Parayı ele geçirenin kısa sürede iktidarı da ele geçireceği yasasının işlediğini bir kez daha kanıtlamaktan öte bir anlamı yok heykel krizinin. Artık öykünmeye, çekinmeye, ezik hissetmeye de ihtiyacı yok, gücün sahibinin. Beğenisi (zliği) eleştirilince daha bir celallenebilir. ‘İlla Güzel Sanatlar Fakültesi mezunu mu olmak gerekir!’ diye esip gürler.

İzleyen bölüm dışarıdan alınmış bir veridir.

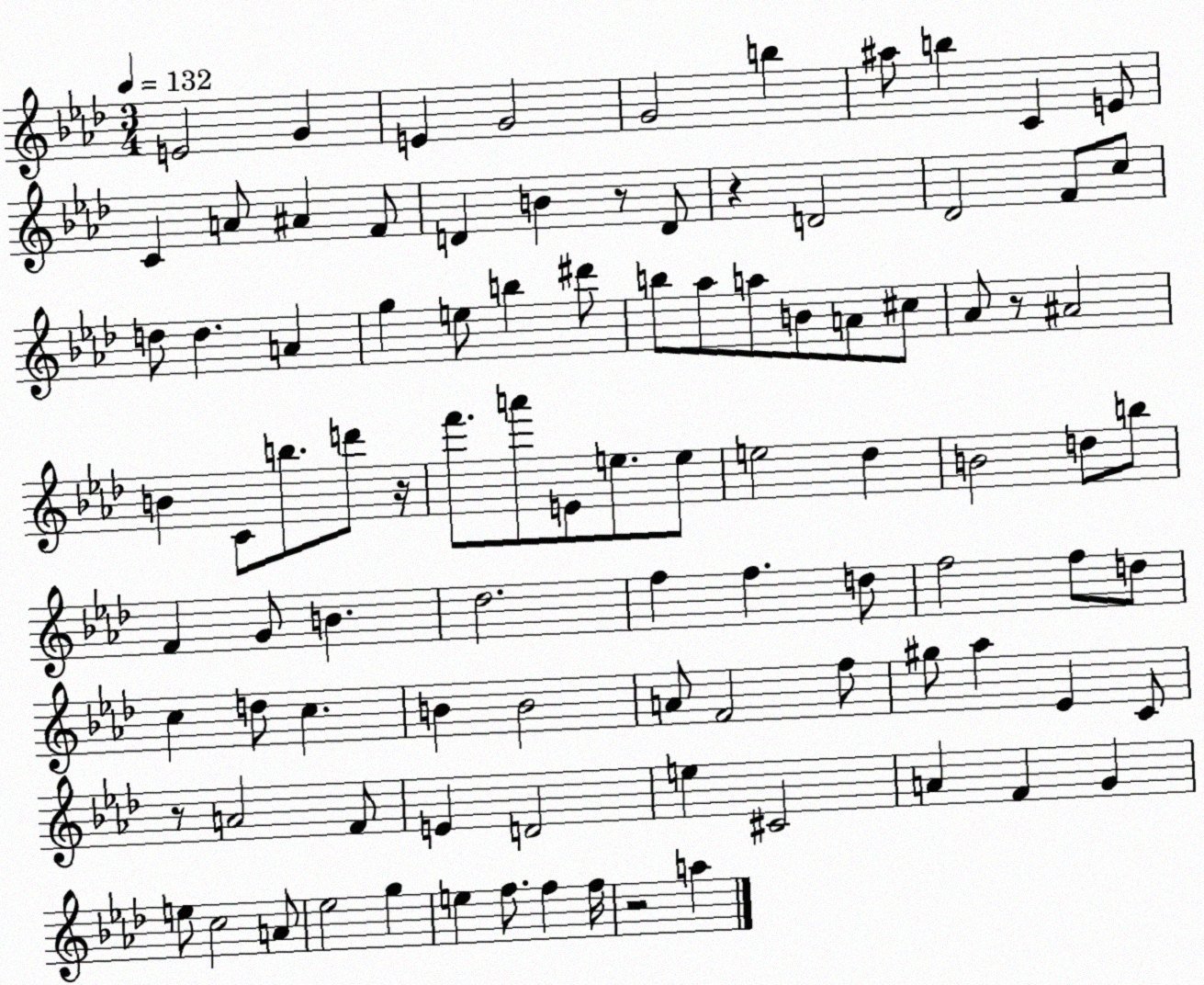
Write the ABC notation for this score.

X:1
T:Untitled
M:3/4
L:1/4
K:Ab
E2 G E G2 G2 b ^a/2 b C E/2 C A/2 ^A F/2 D B z/2 D/2 z D2 _D2 F/2 c/2 d/2 d A g e/2 b ^d'/2 b/2 _a/2 a/2 B/2 A/2 ^c/2 _A/2 z/2 ^A2 B C/2 b/2 d'/2 z/4 f'/2 a'/2 E/2 e/2 e/2 e2 _d B2 d/2 b/2 F G/2 B _d2 f f d/2 f2 f/2 d/2 c d/2 c B B2 A/2 F2 f/2 ^g/2 _a _E C/2 z/2 A2 F/2 E D2 e ^C2 A F G e/2 c2 A/2 _e2 g e f/2 f f/4 z2 a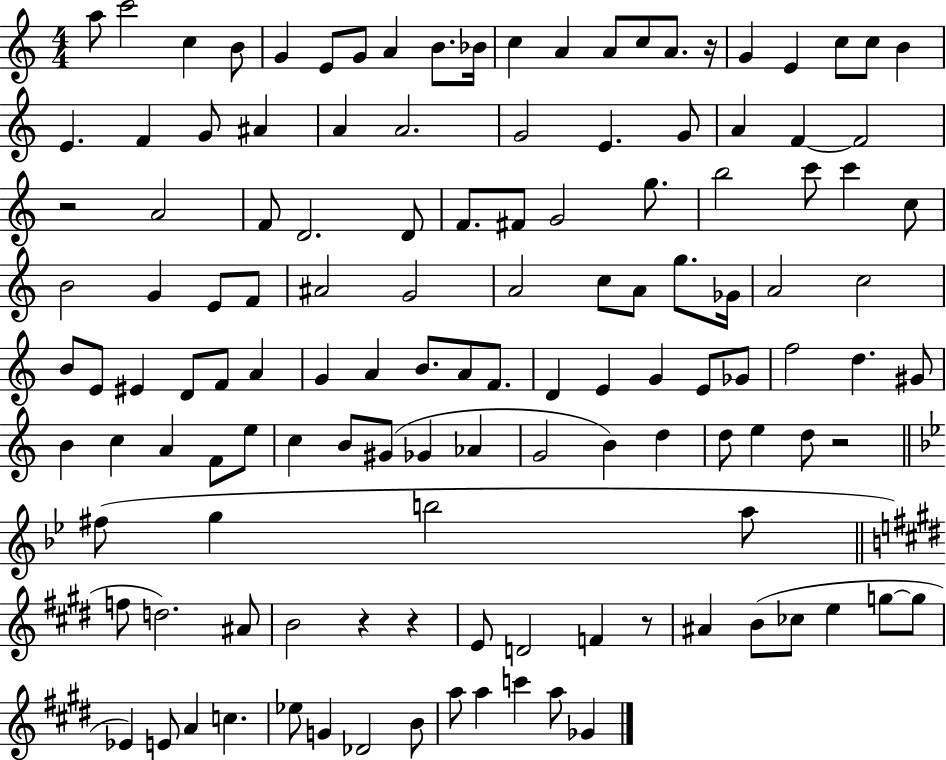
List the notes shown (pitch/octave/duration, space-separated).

A5/e C6/h C5/q B4/e G4/q E4/e G4/e A4/q B4/e. Bb4/s C5/q A4/q A4/e C5/e A4/e. R/s G4/q E4/q C5/e C5/e B4/q E4/q. F4/q G4/e A#4/q A4/q A4/h. G4/h E4/q. G4/e A4/q F4/q F4/h R/h A4/h F4/e D4/h. D4/e F4/e. F#4/e G4/h G5/e. B5/h C6/e C6/q C5/e B4/h G4/q E4/e F4/e A#4/h G4/h A4/h C5/e A4/e G5/e. Gb4/s A4/h C5/h B4/e E4/e EIS4/q D4/e F4/e A4/q G4/q A4/q B4/e. A4/e F4/e. D4/q E4/q G4/q E4/e Gb4/e F5/h D5/q. G#4/e B4/q C5/q A4/q F4/e E5/e C5/q B4/e G#4/e Gb4/q Ab4/q G4/h B4/q D5/q D5/e E5/q D5/e R/h F#5/e G5/q B5/h A5/e F5/e D5/h. A#4/e B4/h R/q R/q E4/e D4/h F4/q R/e A#4/q B4/e CES5/e E5/q G5/e G5/e Eb4/q E4/e A4/q C5/q. Eb5/e G4/q Db4/h B4/e A5/e A5/q C6/q A5/e Gb4/q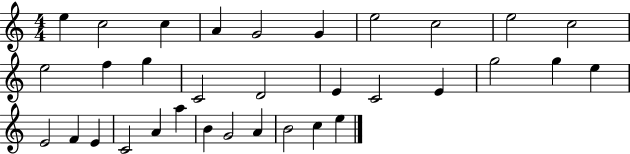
E5/q C5/h C5/q A4/q G4/h G4/q E5/h C5/h E5/h C5/h E5/h F5/q G5/q C4/h D4/h E4/q C4/h E4/q G5/h G5/q E5/q E4/h F4/q E4/q C4/h A4/q A5/q B4/q G4/h A4/q B4/h C5/q E5/q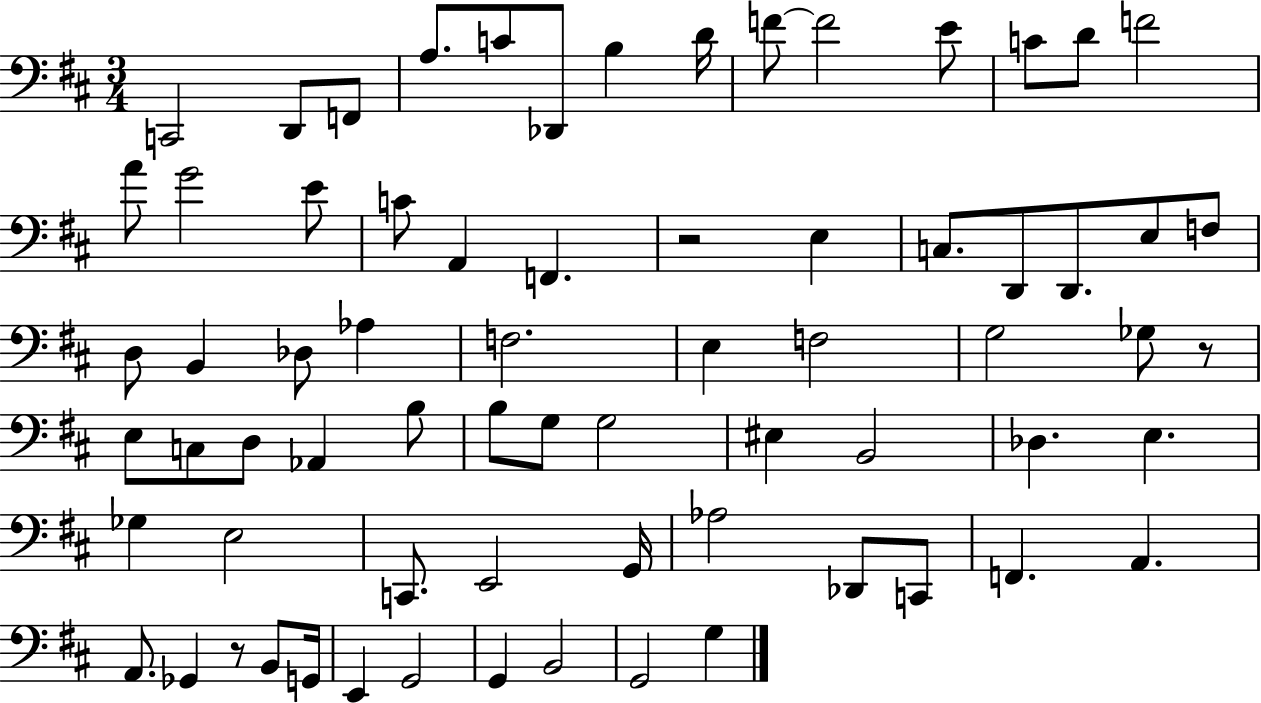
C2/h D2/e F2/e A3/e. C4/e Db2/e B3/q D4/s F4/e F4/h E4/e C4/e D4/e F4/h A4/e G4/h E4/e C4/e A2/q F2/q. R/h E3/q C3/e. D2/e D2/e. E3/e F3/e D3/e B2/q Db3/e Ab3/q F3/h. E3/q F3/h G3/h Gb3/e R/e E3/e C3/e D3/e Ab2/q B3/e B3/e G3/e G3/h EIS3/q B2/h Db3/q. E3/q. Gb3/q E3/h C2/e. E2/h G2/s Ab3/h Db2/e C2/e F2/q. A2/q. A2/e. Gb2/q R/e B2/e G2/s E2/q G2/h G2/q B2/h G2/h G3/q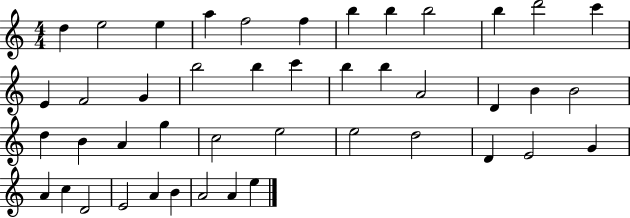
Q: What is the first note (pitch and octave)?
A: D5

Bu bağırtıda bile sanatsal estetik beğeninin ancak güzel sanatlarda okunarak alınabileceğini sanma cehaletinin yattığını düşünmez bile, özgüvenle ekler, ‘biz pratiğini yaptık bu işin!’. Çekirdekten yetişmeyiz, mektepli değil alaylıyız sözleri bu ülkede eğitimlilere duyulan haseti ve ezikliği en iyi ifade eden sözlerdir. ‘Bir de elektrik mühendisi olacaksın, bir sigortayı değiştiremedin!, Abi inşaat mühendisi bir türlü işin içinden çıkamazken bizim usta temeli öyle bir attı ki koskoca mühendis şap gibi kaldı!’ ve diğer çeşitlemeler, herkese tanıdıktır.  
 
İki hazin özelliği var bu sonucun. İlkin muktedir, ‘Hair’ filminde New York seçkinlerinin yemeğine davetsiz katılıp, sonra da o yüksek görgü kurallarının masası üzerinde dalga geçerek dans eden Berger’ a hiç benzemiyor.  
 
İkincisi ise Mehmet Aksoy’ un, Antakya, Yayladağ’ da bir köylü çocuğu olarak doğup, sevgili zalim Cumhuriyet’in burslarıyla modern heykelin en önemli sanatçılarından biri olmuş olması.
Sanatçı ile muktedirin, ikisi de bu Cumhuriyetin eseri.
 
Daha önce de yazmıştım, AKP, Kemalizmin üvey evladıdır diye. Mustafa Kemal’in bir sözü bu anlamda küçük bir farkla doğrulanıyor. Köylü olmasa da ‘köylülük’ milletin efendisi oluyor.